Of course, five years later Mantle did it again, landing on 54 after a summer spent chasing Babe Ruth side-by-side with Roger Maris. When he did that, he joined an exclusive club that at the time numbered three: only Ruth (4), Jimmie Foxx (2) and Ralph Kiner (2) had ever swatted 50 in multiple seasons.

This is one of the many remarkable things that Aaron Judge is poised to accomplish in this splendid season of his. Judge is sitting on 49 Monday as the Yankees begin a three-game series with the Angels in Anaheim. Barring something going terribly sideways, Judge will hit No. 50 in Southern California this week, or in St. Petersburg over the weekend, or back in The Bronx sometime beyond.

Much of the conversation surrounding Judge’s magnificent walk year, as he’s spent the season straddling some historic home run paces, is whether the true single-season record is Roger Maris’ 61 (which no longer wears an asterisk) or Barry Bonds’ 73 (also asterisk-free except in the hearts and minds of most baseball fans, in which case the * is as bold-faced as your supply of ink allows).

But that’s chatter for another day. Before he gets to 62, or to 74, Judge will get to 50. And that alone deserves a moment of awe. More than 22,800 men have played major league baseball. When Judge gets to 50, he will be one of 10 who have ever reached 50 twice.

Think about that.

The 50-homer club has had some unexpected one-timers. A couple of unlikely Orioles, Brady Anderson and Chris Davis, have done it. Jose Bautista has done it. The Fielders, father and son, Cecil and Prince, did it once apiece. It has also been closed off to the likes of Lou Gehrig (career-high: 49, twice), Harmon Killebrew (49, twice) and Hank Aaron (48).

But only nine players have done it more than once. We can divide them, as we do most offensive stats now, into “clean” — Ruth (4 times), Foxx (2), Ken Griffey Jr. (2) Kiner (2), Mantle (2) and Willie Mays (2) — and “dirty” — Mark McGwire (4), Sammy Sosa (4) and Alex Rodriguez (3). Six clean, three dirty, nine in all.

And Judge will make 10.

Ten in the entire history of baseball.

There is nothing fluky about hitting 50, even if there are some other quality outlier names among the one-timers (Greg Vaughn! Luis Gonzalez! George Foster!). But you’ll also notice something that the nine multiple-50 folks have in common.

All are either shoo-in Hall of Famers (Ruth, Foxx, Mantle, Mays, Griffey), or a Hall of Famer forced to wait longer than he should’ve because of an injury-shortened career (Kiner), or would-have -been-first-ballot-loss-ins-if-they’d-made-smarter-choices (McGwire, Sosa, A-Rod).

When Judge hit 52 as a rookie, that seemed a stunning number.
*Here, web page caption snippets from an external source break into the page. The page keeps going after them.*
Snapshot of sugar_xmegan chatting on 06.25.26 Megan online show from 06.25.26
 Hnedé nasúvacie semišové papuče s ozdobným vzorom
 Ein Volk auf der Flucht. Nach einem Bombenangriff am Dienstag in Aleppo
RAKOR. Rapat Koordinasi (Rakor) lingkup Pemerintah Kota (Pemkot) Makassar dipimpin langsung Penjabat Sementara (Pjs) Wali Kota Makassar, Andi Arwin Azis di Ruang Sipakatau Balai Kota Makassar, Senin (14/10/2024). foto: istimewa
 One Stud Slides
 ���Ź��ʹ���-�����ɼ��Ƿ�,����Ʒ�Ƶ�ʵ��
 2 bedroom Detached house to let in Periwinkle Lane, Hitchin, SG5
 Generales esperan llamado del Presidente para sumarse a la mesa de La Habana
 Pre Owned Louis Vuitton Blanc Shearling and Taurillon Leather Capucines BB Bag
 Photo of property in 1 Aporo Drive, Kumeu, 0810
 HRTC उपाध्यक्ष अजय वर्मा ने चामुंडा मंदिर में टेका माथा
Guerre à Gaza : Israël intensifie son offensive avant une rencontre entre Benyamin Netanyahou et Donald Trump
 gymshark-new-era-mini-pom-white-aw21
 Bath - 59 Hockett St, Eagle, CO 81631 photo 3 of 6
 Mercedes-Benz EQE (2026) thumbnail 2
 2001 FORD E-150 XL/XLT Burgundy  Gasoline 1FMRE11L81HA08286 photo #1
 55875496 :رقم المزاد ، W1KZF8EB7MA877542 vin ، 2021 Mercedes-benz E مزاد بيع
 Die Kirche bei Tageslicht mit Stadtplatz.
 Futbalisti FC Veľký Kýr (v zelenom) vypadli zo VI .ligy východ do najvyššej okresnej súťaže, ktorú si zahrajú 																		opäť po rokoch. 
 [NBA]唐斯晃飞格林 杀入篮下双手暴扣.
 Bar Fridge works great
When he reaches 50 this year — and wherever he ultimately lands — well, by now, nothing he does is terribly surprising. Including standing where he now stands – on the dueling doorsteps of both history and immortality. Maybe he’ll start breaking records in September, maybe he won’t. Plenty of time for that.

But he’s already on the precipice of doing something only nine other men have done in the history of professional baseball, which only dates to 1869. We shouldn’t take one bit of this for granted.